# Task to complete
Return each line of the data that follows exactly as it reads.

# Information provided
****************************************

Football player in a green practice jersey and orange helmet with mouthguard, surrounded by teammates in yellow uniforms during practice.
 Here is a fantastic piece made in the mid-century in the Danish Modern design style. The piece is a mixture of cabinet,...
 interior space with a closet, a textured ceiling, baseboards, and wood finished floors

****************************************

# Exercise result
Football player in a green practice jersey and orange helmet with mouthguard, surrounded by teammates in yellow uniforms during practice.
 Here is a fantastic piece made in the mid-century in the Danish Modern design style. The piece is a mixture of cabinet,...
 interior space with a closet, a textured ceiling, baseboards, and wood finished floors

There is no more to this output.